He alternates between a domineering profile of supremacy and a whiny fussiness of oppression. He is looking for reasons to be offended. He, himself, offends.

He fears silence. He abhors contemplation. He resists the instinct to worship. He likes things to be noisy. He relishes clutter. He enters a room suspicious of all in attendance, wondering when his perfection will be acknowledged.

He has a memory with no conscience. He has a passion with no desire. He is looking for diversion from what he has not yet determined to be unworthy.

He fears reflection. He mocks repentance. He giggles over the notion of insufficiency. He is not to be reasoned with.

He demands to be entertained.

But sometimes …

Yes, every once in a while, I am able to devise a plan to fool the monster. I step out of my lodging, stride to my van and drive to a nearby park, where I sit on a bench, mulling. The monster is appeased because he thinks we have come to bask in self-pity. He believes we will recite the lines from a script which foretells a betrayal which will leave us bereft. He has prepared for consolation.

But you see, I have private plans. I had a meeting with my own soul, without inviting the monster. I sit in silence.

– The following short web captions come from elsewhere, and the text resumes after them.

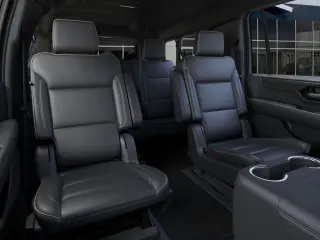 2026 GMC Yukon XL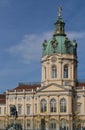 Castle Charlottenburg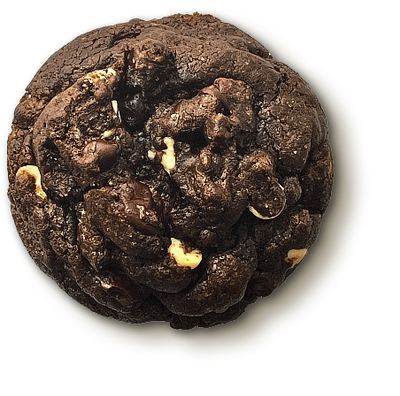 Triple Chocolate Bliss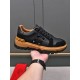 VALENTINO Valentino local price sale 2023FW casual shoes VALENTINO Valentino local price sale 2023FW casual shoes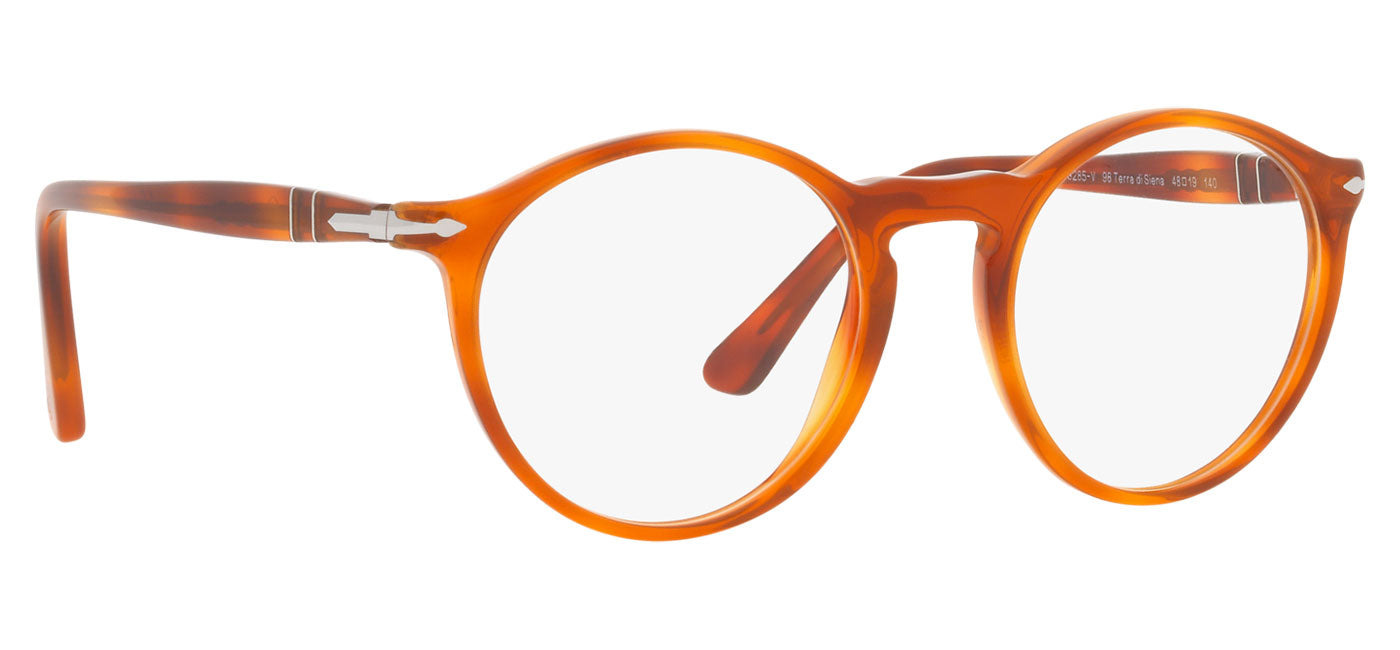 Persol PO3285V Glasses - Terra Di Siena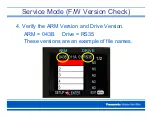 Preview for 41 page of Panasonic Palmcorder VDR-D100 Manual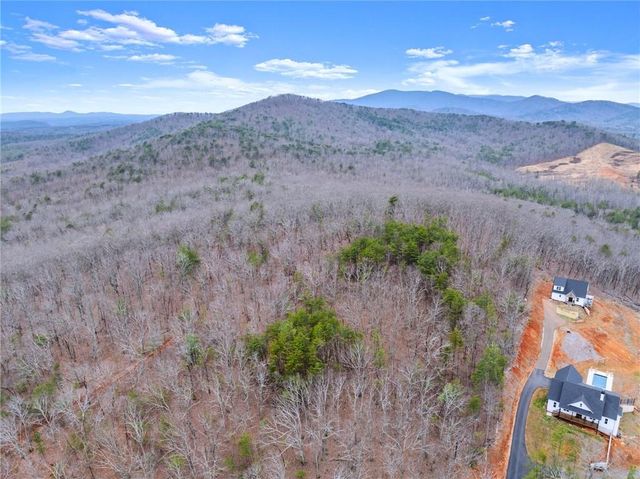 000 Old Federal Road, Dawsonville, GA 30534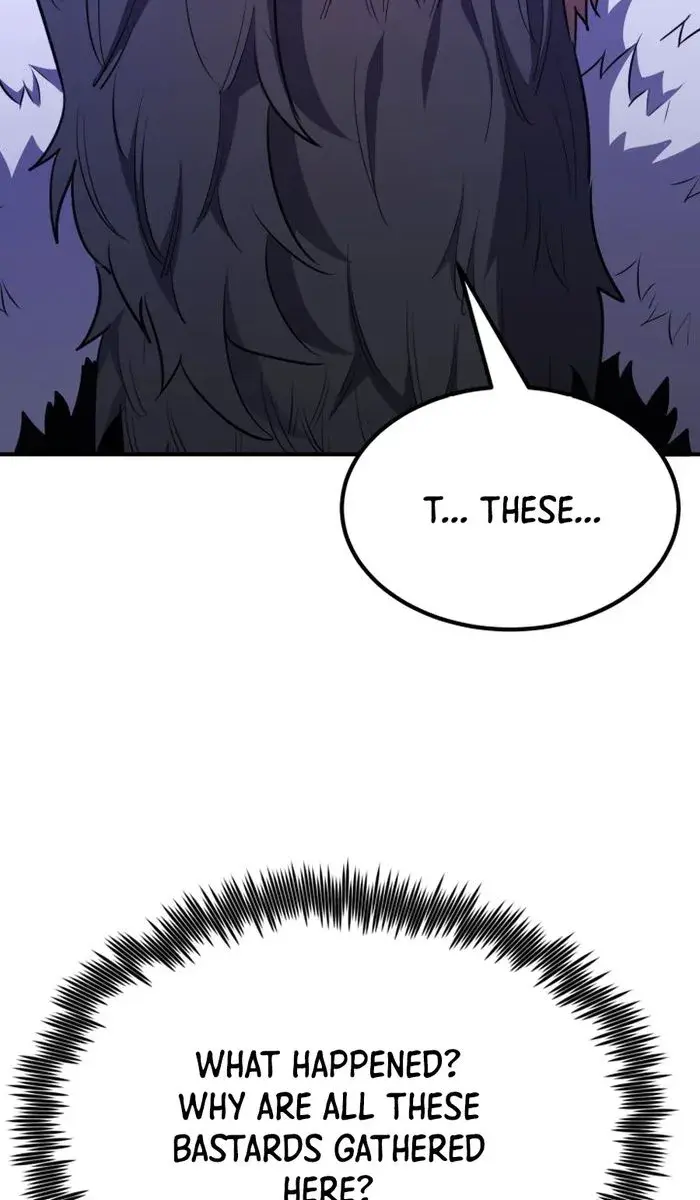 I Awoke as a God After Auto-Battling for a Million Years Chapter 100 Page 5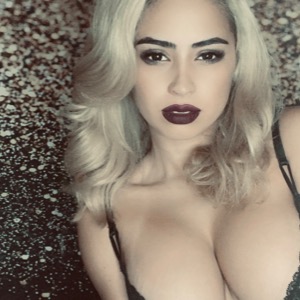 Goddess Davina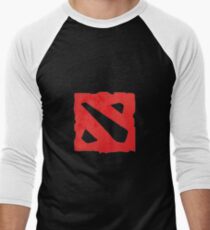 Dota 2 Men's Baseball ¾ T-Shirt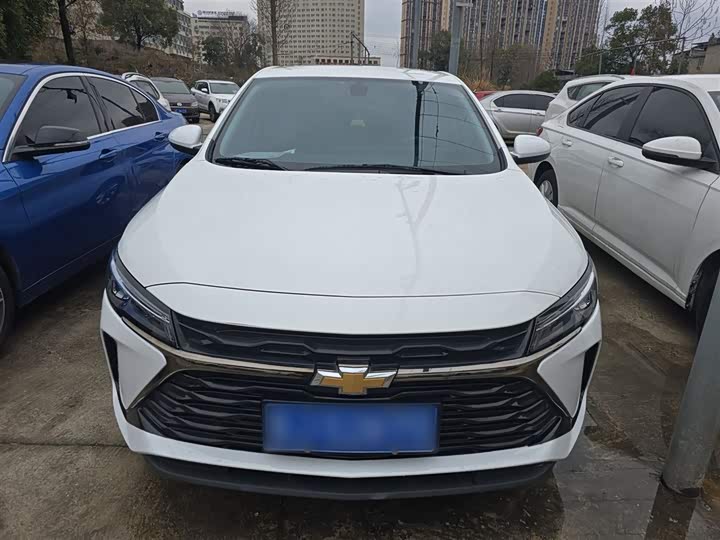 Фото 3 - Chevrolet Monza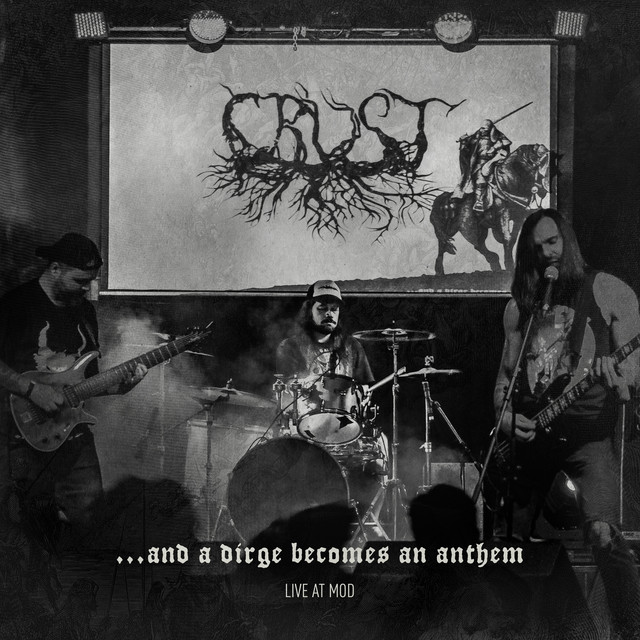 And a Dirge Becomes an Anthem (Live at MOD) cover art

The monster is disquieted by my choice, but still feels confident that self-pity will soon raise waves of resentment, which will produce tears of anger, ending in childish tantrums.

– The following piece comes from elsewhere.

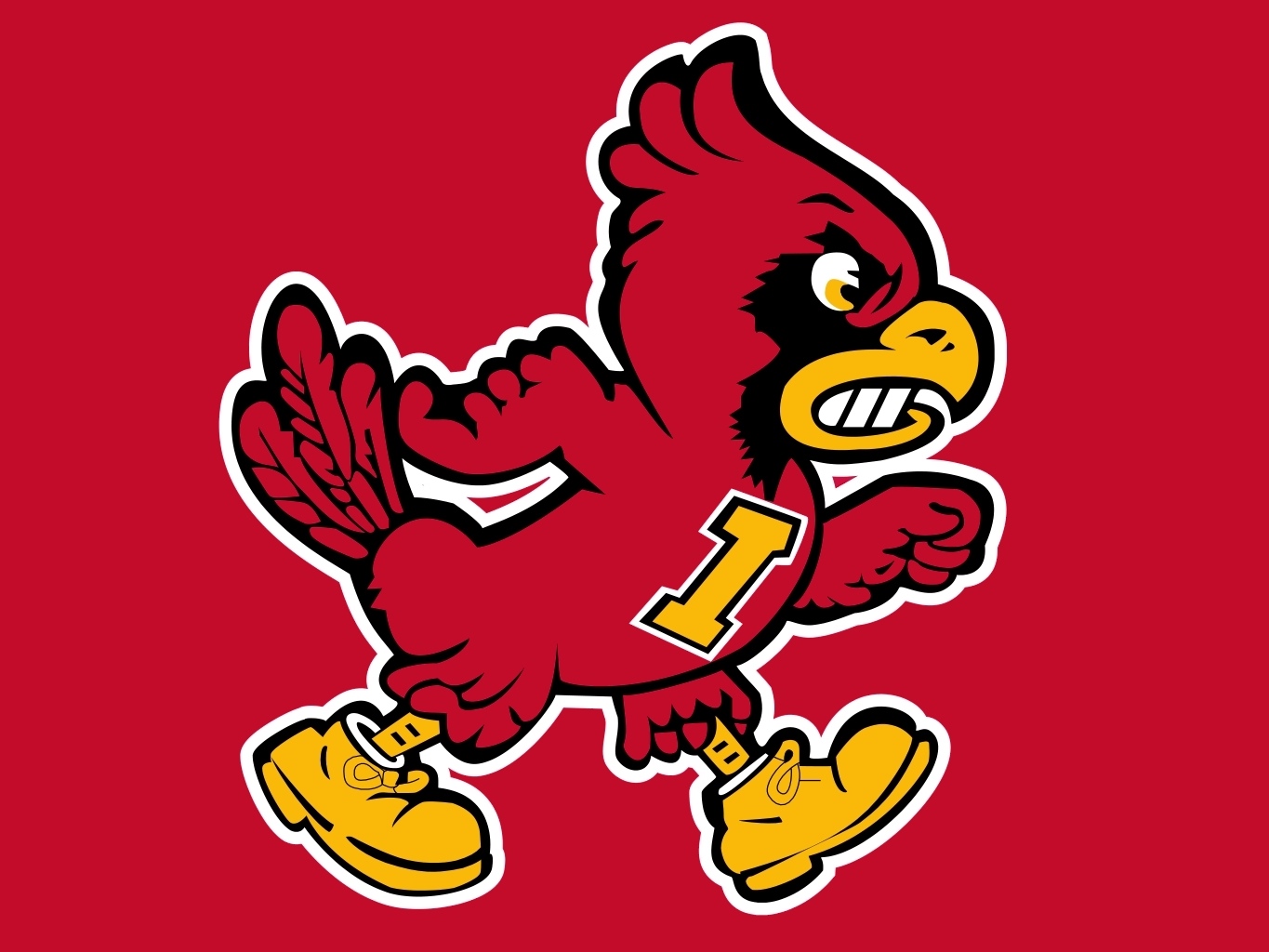 Iowa State Cyclones Photo Picture Image And Wallpaper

But instead … I listen. In the midst of gaining solitude, I hear the song of one single bird, high above me in the tree. I concentrate on the bird’s ongoing song. Peace settles in my spirit. I consider the sparrow.

bird at piano lesson with rock

bird at piano lesson with rock (Photo credit: Terry Bain)

I listen to its melody.

Suddenly I am aware of my own inadequacy. My monster is desperate to acquire my attention. He tries to distract me with other sounds, other dangers, other diversions. I resist.

I stay focused on the song of the bird. In no time at all, I am given a window to my own sanctuary and peer at my treasure. And then, there before me–is my own heart. It is divided. It is sliced betwixt the truth of my need and the lies of the monster.

I retrieve the truth. It’s really not that painful, because in the midst of admitting the facts of my life, I am granted freedom through the choice. All at once I am exhilarated by my discoveries.

The monster is enraged by my pursuits, having been thrust to the back of my consciousness, locked in a closet unto himself. I have such a great assurance of peace in my soul that I feel like I can speak aloud to God–and there is that amazing chance that He might just speak back.

What a sensation.

I spend ten minutes on that bench with myself, temporarily freed of my monster. I don’t want to leave. I would love to believe that my adversary is gone forever, locked in the tombs of my past. But I know that as soon as I leave the bench and drive away from the park, the monster will gradually emerge from the shadows–sheepishly at first, acting a bit surprised that I ever deemed him an enemy. He will try to wiggle his way back into my thinking and will take the everyday disappointments and attempt to turn them into signs of the apocalypse.

I will resist him. I will recognize his hovering presence as being anything but protective. I will outsmart him again.

The monster lives. The monster breathes, being granted life by traditions and apprehensions. He seeks entertainment. He wants me to escape into the world, where I lose sight of gaining my own soul.

He wants me to hate. He wishes that I would call that emotion “discretion.” He is devious. He is part of me.

I fooled the monster today. I spent some time with a bird, my own reflections, talking to the Kingdom of God within me, uncovering repentance. The monster is a little weaker.

The monster craves entertainment, like an addict on the second day of rehab. I will attempt to refuse his demands. I will persever in controlling my monster. But it all begins by never forgetting that he is there.

Yes, knowing he’s there … but not giving it a single care.